I stood in one of the raised ovals that lined the floor. Virtual envelopes appeared in the air and swirled around until they formed a big, jumbled stack in front of me. My in-box hadn’t been sorted in months, but after flipping through the new messages on top I gave up and shoved them back in a folder. Even though they were only soligraphs—holographs that felt solid to the touch—the folder wouldn’t shut all the way. A warning message popped up midair: “You are close to your storage limit. Please categorize and dispose of nonessential items.”
“Later.” I crammed the folder to the side.
Another warning appeared: “I mean it, Bree. It’s time to clean out your in-box.” Sassy computers. Meh.
A fresh message popped up in my box. It glowed a deep jade green, and when I opened it I let out an almost audible hiss. It was another brochure from Resthaven, the only free care facility available for my mother. They’d been sending me information since right after Mom’s accident. My mother was going to get better, thank you very much. No one could prove she’d gone off the deep end. I tore the pixels into tiny bits before I hit delete.
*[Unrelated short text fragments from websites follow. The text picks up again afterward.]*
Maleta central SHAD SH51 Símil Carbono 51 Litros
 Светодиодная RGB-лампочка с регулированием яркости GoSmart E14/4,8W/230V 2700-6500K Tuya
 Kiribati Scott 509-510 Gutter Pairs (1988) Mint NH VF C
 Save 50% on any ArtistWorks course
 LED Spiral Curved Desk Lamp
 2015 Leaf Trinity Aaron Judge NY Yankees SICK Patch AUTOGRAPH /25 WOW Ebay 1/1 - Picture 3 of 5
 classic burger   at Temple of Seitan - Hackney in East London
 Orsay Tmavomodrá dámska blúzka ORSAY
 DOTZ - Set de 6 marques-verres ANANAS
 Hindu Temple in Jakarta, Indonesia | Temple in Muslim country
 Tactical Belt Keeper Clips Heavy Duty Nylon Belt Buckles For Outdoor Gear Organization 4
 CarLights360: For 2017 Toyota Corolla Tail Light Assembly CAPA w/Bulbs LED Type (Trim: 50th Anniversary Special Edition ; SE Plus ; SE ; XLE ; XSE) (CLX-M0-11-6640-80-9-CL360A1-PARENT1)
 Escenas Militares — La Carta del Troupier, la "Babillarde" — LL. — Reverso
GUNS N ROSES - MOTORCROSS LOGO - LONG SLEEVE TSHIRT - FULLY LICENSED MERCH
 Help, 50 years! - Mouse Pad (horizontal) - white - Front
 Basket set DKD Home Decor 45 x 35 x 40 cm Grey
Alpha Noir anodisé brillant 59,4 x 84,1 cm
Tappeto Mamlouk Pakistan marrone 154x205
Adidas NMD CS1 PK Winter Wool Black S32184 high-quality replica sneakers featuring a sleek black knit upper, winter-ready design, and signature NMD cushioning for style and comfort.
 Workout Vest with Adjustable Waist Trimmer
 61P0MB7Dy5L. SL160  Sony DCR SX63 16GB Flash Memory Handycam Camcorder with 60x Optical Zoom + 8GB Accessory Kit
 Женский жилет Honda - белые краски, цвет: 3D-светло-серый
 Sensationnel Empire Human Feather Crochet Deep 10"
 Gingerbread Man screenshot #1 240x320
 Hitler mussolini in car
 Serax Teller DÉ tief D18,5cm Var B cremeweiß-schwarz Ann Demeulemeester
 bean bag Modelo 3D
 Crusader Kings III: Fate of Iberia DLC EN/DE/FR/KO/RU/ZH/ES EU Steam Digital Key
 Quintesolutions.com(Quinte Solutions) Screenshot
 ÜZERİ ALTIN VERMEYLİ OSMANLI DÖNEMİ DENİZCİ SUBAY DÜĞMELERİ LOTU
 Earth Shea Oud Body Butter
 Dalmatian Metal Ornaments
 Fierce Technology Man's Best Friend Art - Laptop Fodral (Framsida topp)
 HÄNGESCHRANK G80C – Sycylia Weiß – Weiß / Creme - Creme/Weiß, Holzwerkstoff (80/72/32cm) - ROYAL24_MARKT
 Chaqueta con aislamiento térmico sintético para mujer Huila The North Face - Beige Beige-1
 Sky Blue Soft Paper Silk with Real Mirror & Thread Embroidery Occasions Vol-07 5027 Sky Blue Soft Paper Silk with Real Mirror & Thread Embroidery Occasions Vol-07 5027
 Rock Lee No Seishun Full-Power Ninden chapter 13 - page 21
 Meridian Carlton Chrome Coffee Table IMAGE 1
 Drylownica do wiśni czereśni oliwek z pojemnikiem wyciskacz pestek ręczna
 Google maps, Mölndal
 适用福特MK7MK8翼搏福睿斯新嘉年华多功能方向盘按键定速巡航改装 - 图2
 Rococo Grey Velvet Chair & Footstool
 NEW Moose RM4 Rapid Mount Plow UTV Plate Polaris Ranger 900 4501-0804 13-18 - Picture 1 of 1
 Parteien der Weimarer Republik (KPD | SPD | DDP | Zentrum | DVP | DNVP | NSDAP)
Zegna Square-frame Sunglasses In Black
All right, down to business. I had one shot at this midterm, and Dr. Quigley was a notorious stickler for accurate historical details and descriptions. Her mantra rang in my ears like she was there in the room with me: I don’t want to hear about our past. I want to hear about their present.
I stared at the blank spaces. Even after spending a full evening with Finn’s family, I knew nothing about them. Except their son was a snerkwad.
What had he called me—a lunatic? Oh, yeah, I’m the crazy one. I wasn’t the one who had lied to him all these years. If he was going to be mad at anybody, it should be his father. Not that I blamed Shifters in the past for hiding. They were a danger to themselves and others! Hurtling through time and space at random. No, it was better now. The inconvenience of the chip and transporters was such a small price to pay for stability, for safety, for control.